*** Information supplied ***
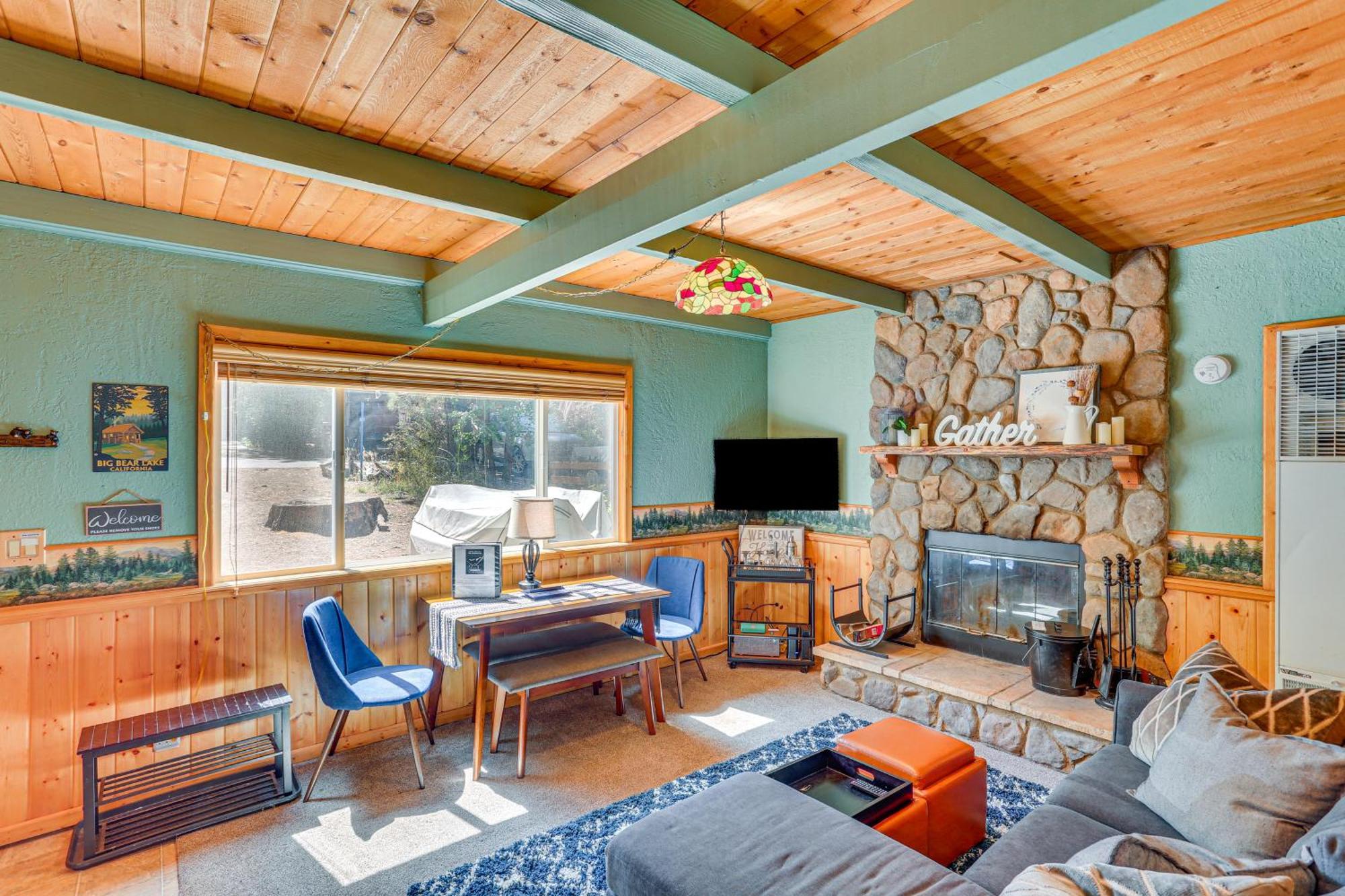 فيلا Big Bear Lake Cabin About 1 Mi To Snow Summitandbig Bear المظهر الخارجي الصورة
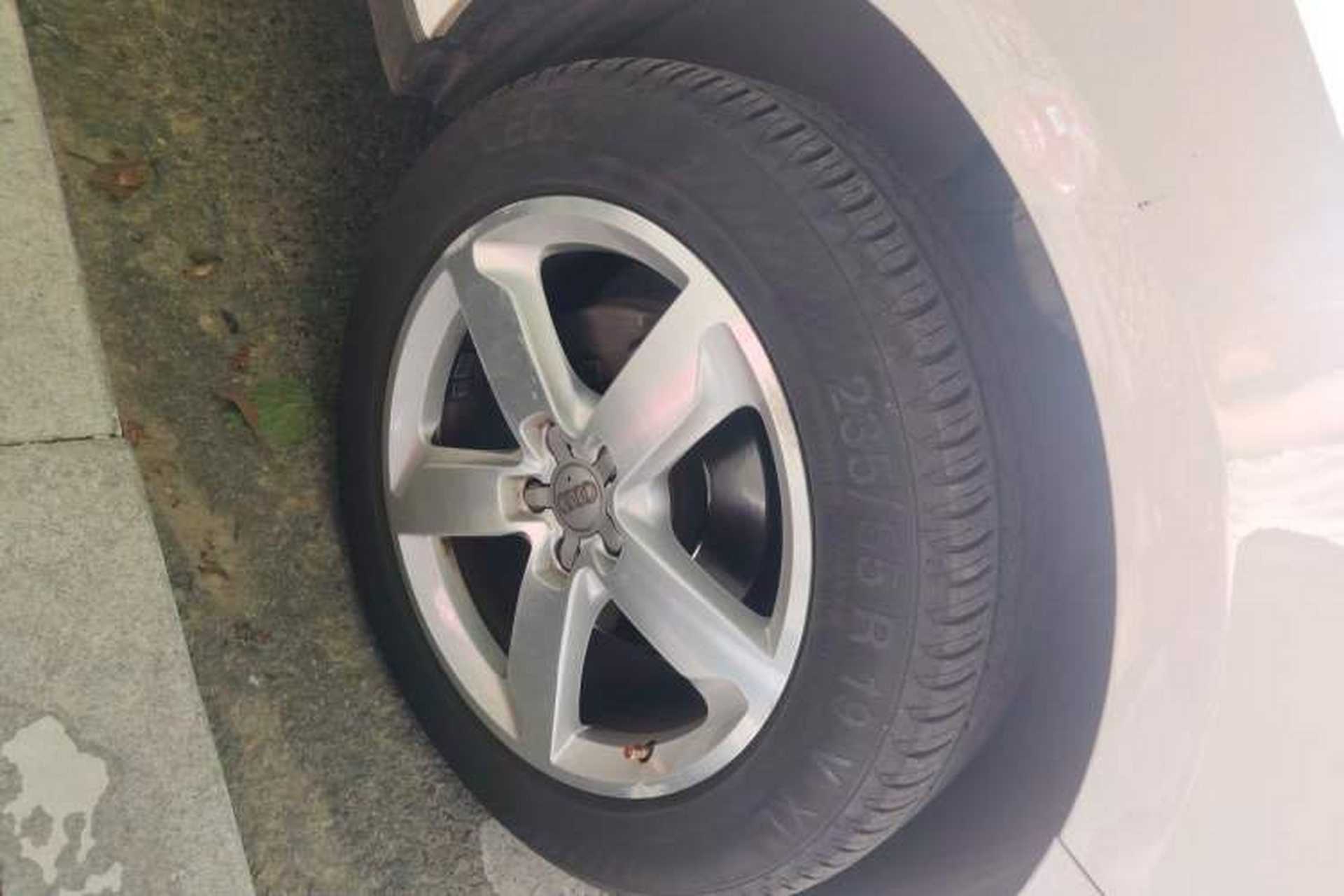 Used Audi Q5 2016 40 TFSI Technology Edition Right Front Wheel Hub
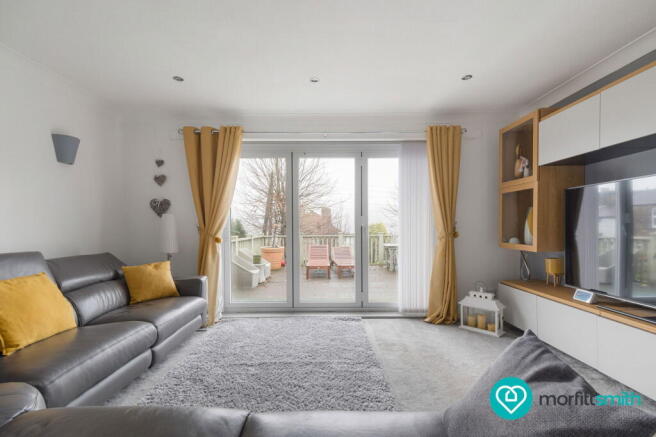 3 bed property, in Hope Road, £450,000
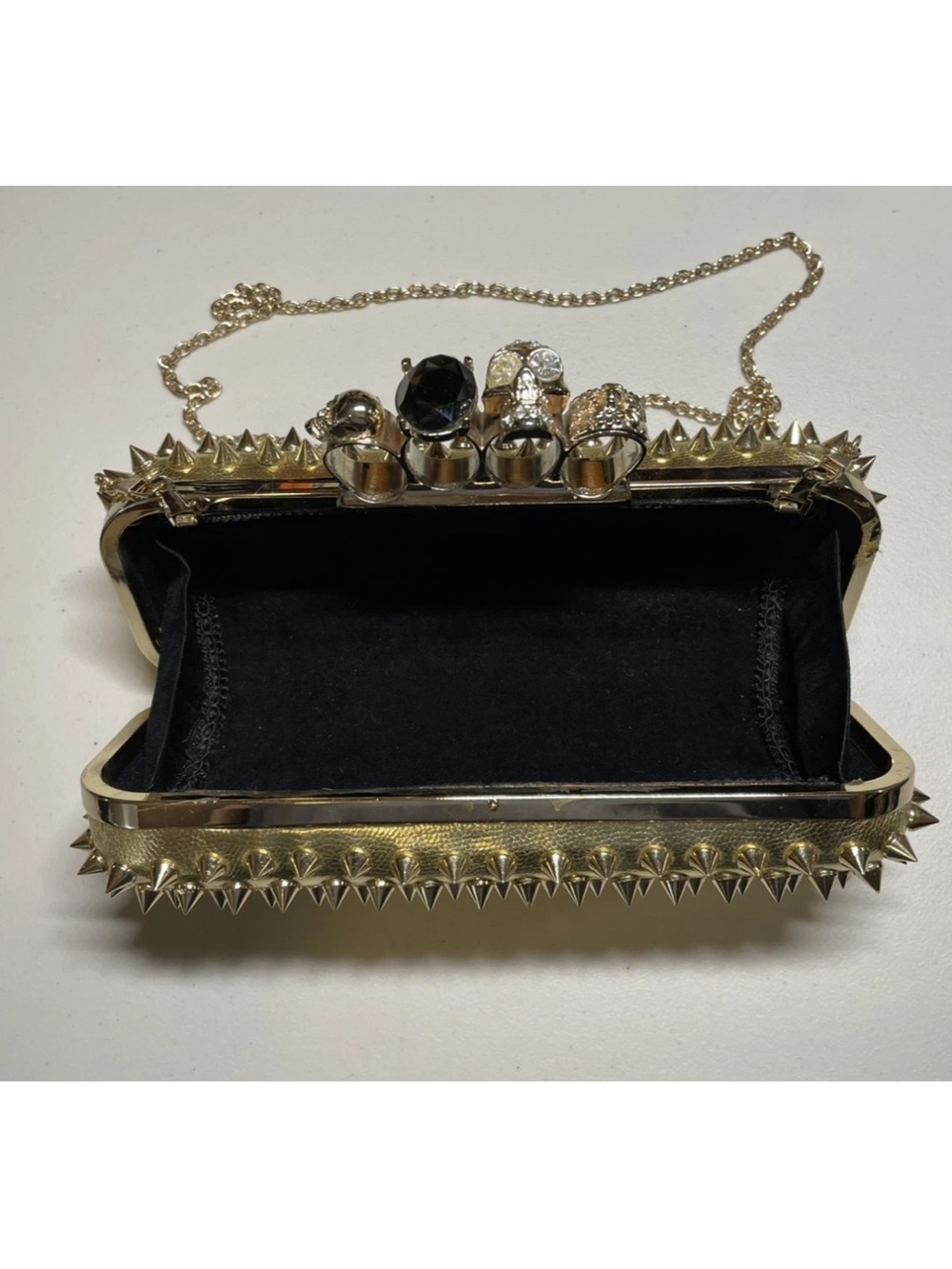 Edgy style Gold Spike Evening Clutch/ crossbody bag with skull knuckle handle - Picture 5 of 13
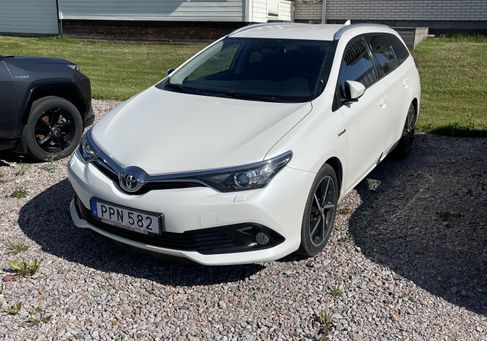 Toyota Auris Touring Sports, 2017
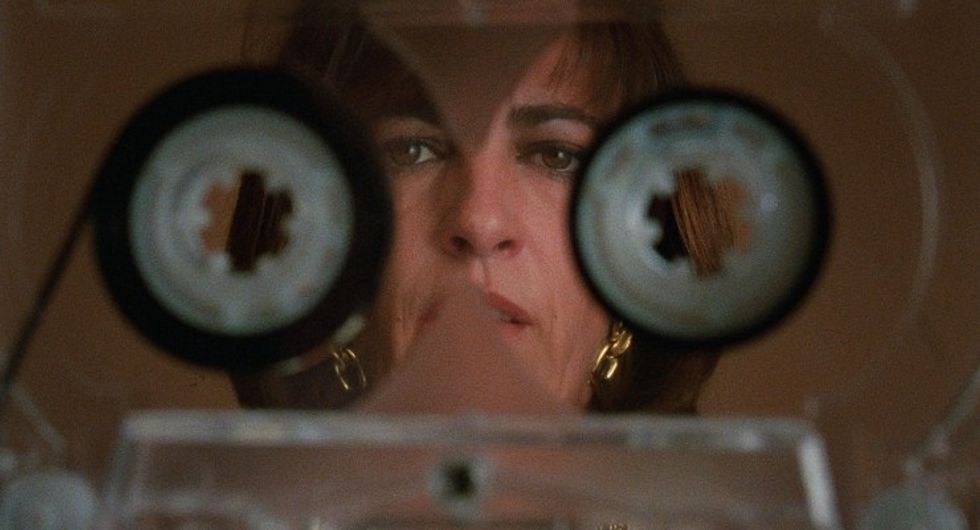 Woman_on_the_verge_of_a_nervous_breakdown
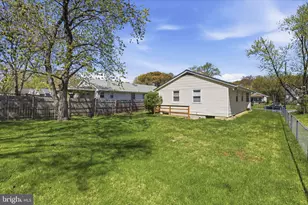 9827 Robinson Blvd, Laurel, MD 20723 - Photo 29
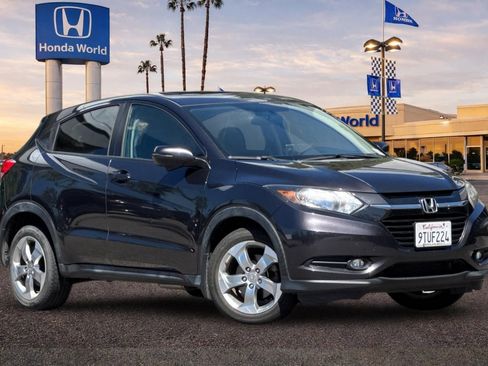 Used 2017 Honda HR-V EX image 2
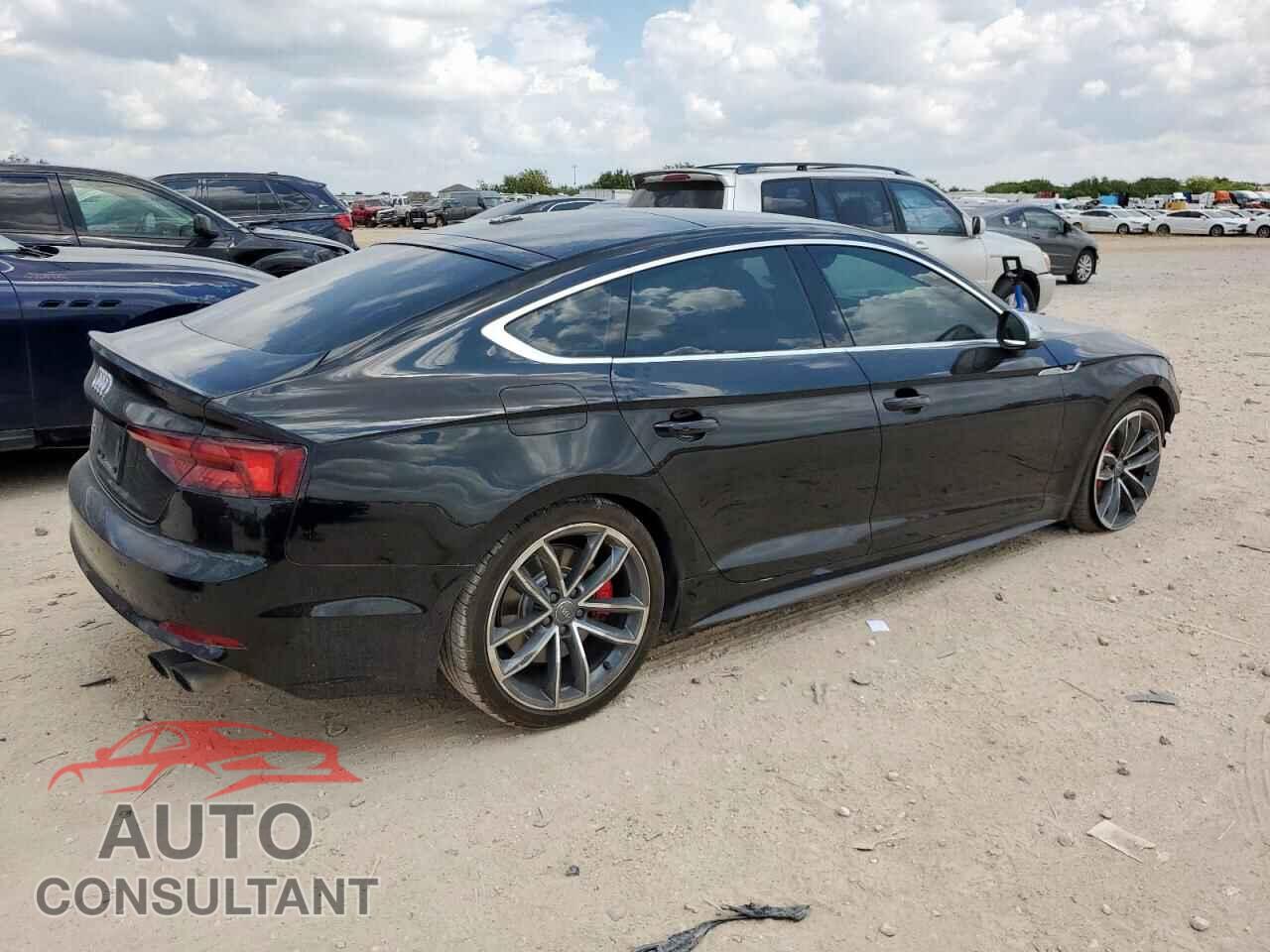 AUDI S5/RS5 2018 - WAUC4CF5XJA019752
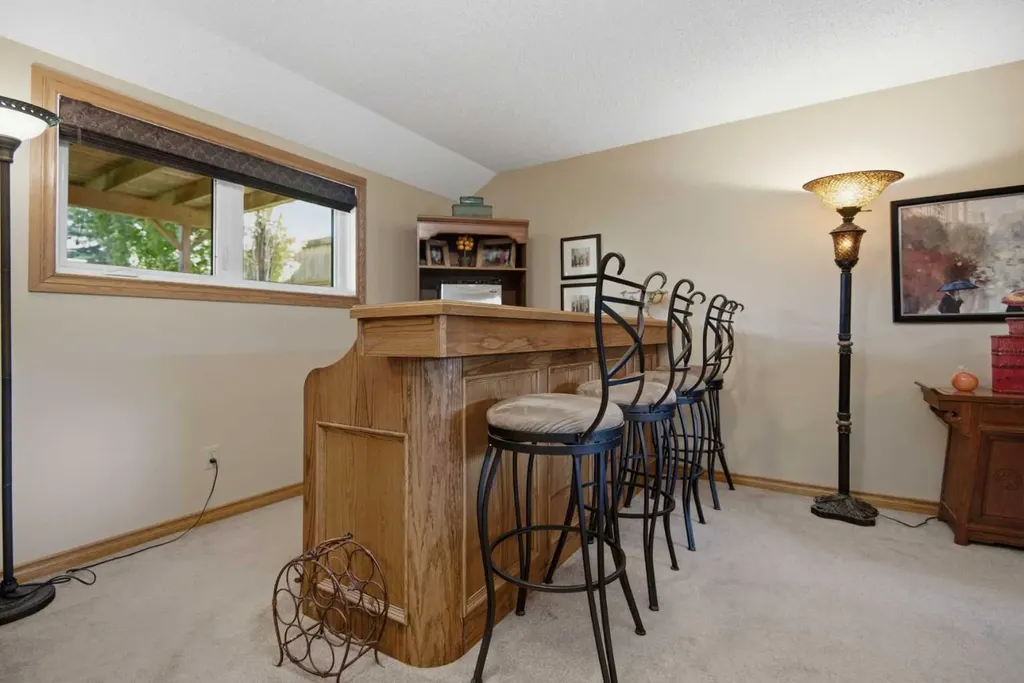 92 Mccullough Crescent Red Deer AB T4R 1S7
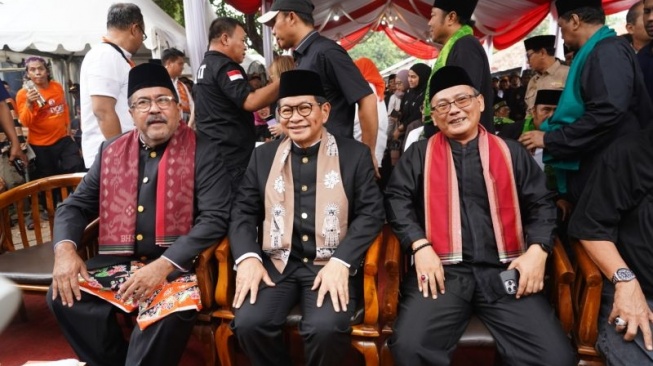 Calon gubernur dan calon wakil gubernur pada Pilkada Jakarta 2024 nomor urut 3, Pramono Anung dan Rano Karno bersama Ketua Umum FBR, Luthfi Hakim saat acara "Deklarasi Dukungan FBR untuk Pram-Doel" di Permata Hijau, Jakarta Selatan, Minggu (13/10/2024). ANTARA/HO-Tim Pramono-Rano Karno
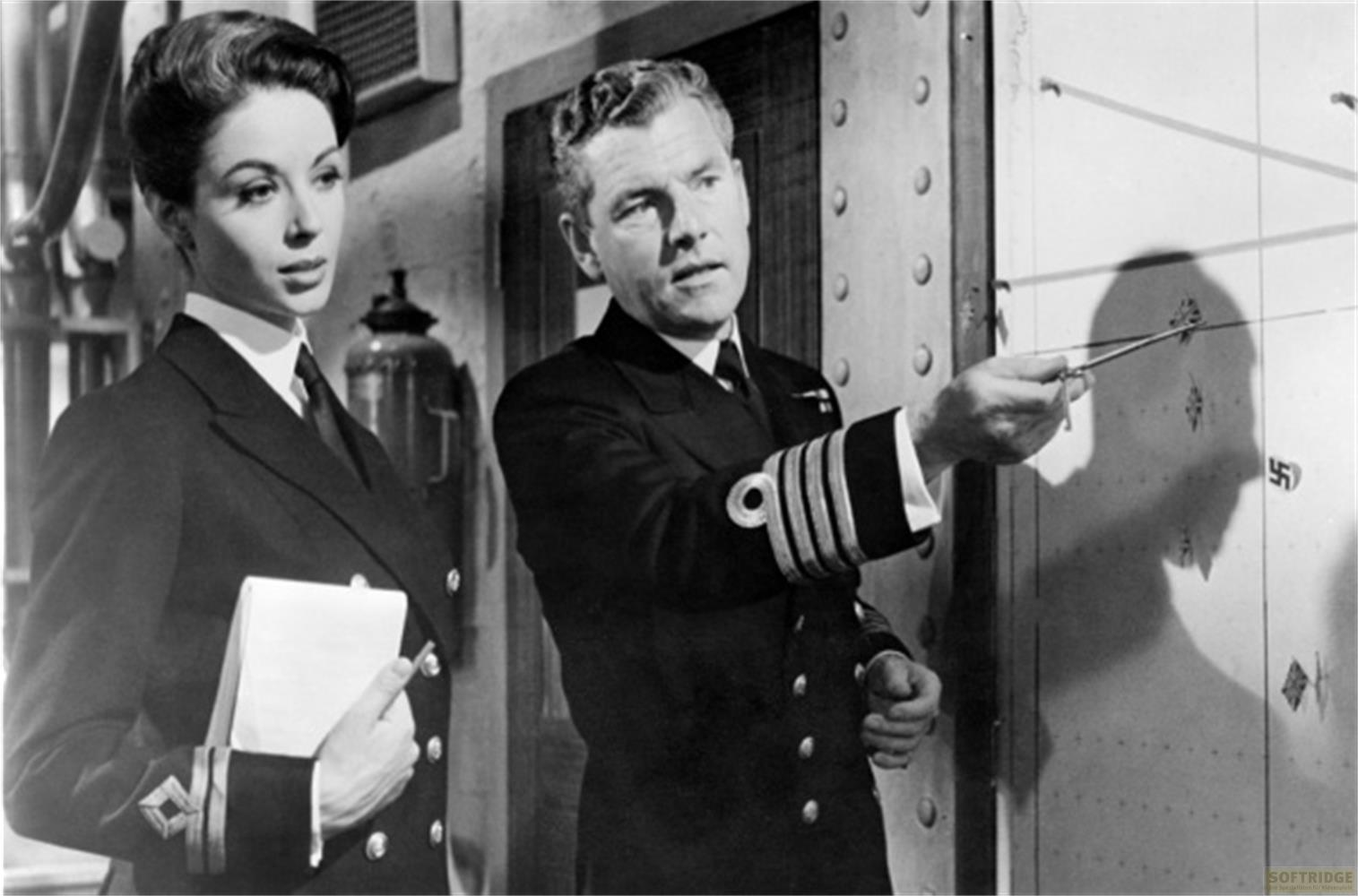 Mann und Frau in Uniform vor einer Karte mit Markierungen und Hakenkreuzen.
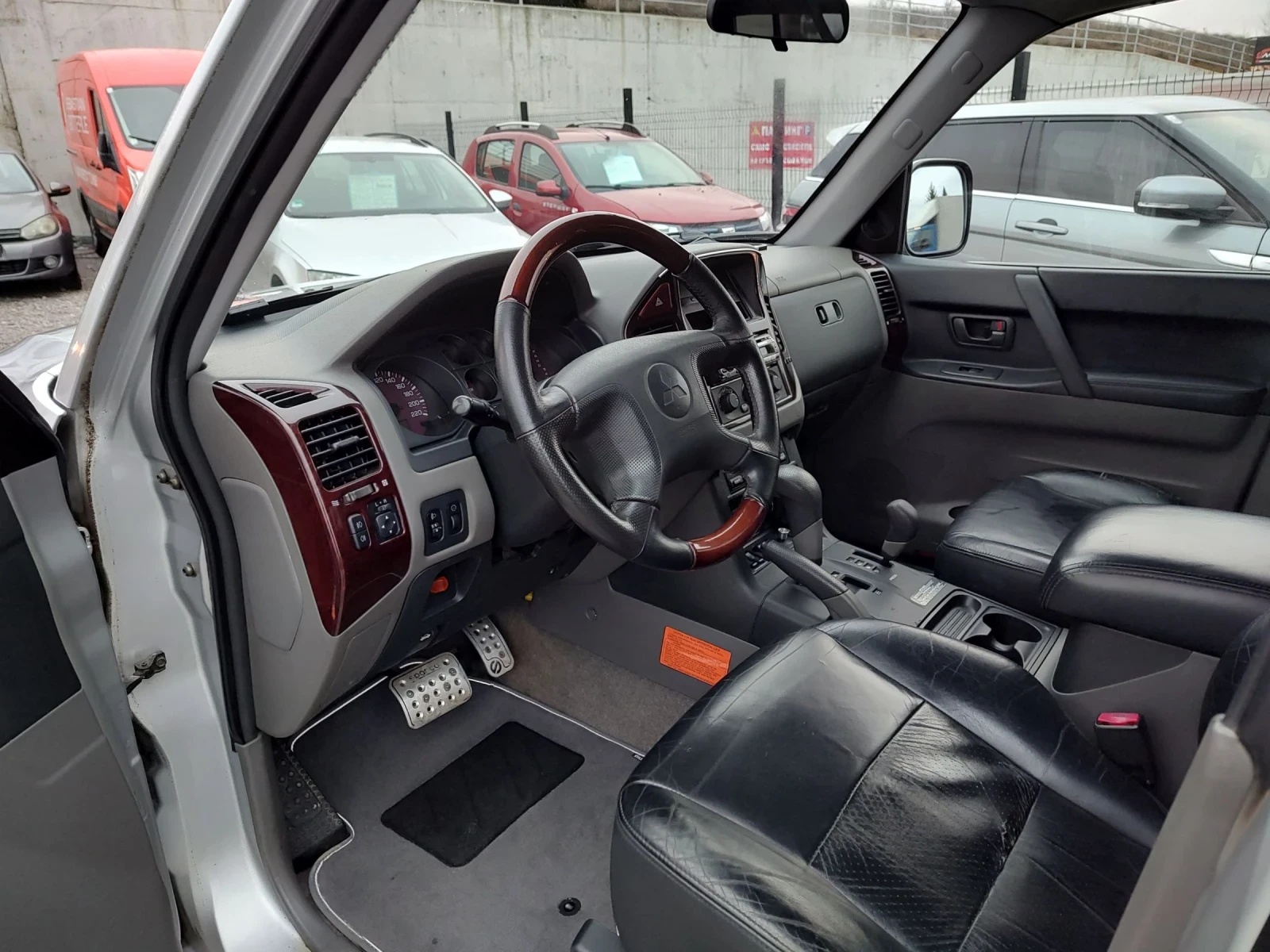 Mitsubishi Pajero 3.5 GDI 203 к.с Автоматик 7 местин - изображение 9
*** End of Information supplied ***
Work to complete:
Your answer should contain only the lines from the beginning of the listing above through the line with "Toyota Auris Touring Sports, 2017", copied exactly and without the pictures.

Answer section:
 فيلا Big Bear Lake Cabin About 1 Mi To Snow Summitandbig Bear المظهر الخارجي الصورة
 Used Audi Q5 2016 40 TFSI Technology Edition Right Front Wheel Hub
 3 bed property, in Hope Road, £450,000
 Edgy style Gold Spike Evening Clutch/ crossbody bag with skull knuckle handle - Picture 5 of 13
 Toyota Auris Touring Sports, 2017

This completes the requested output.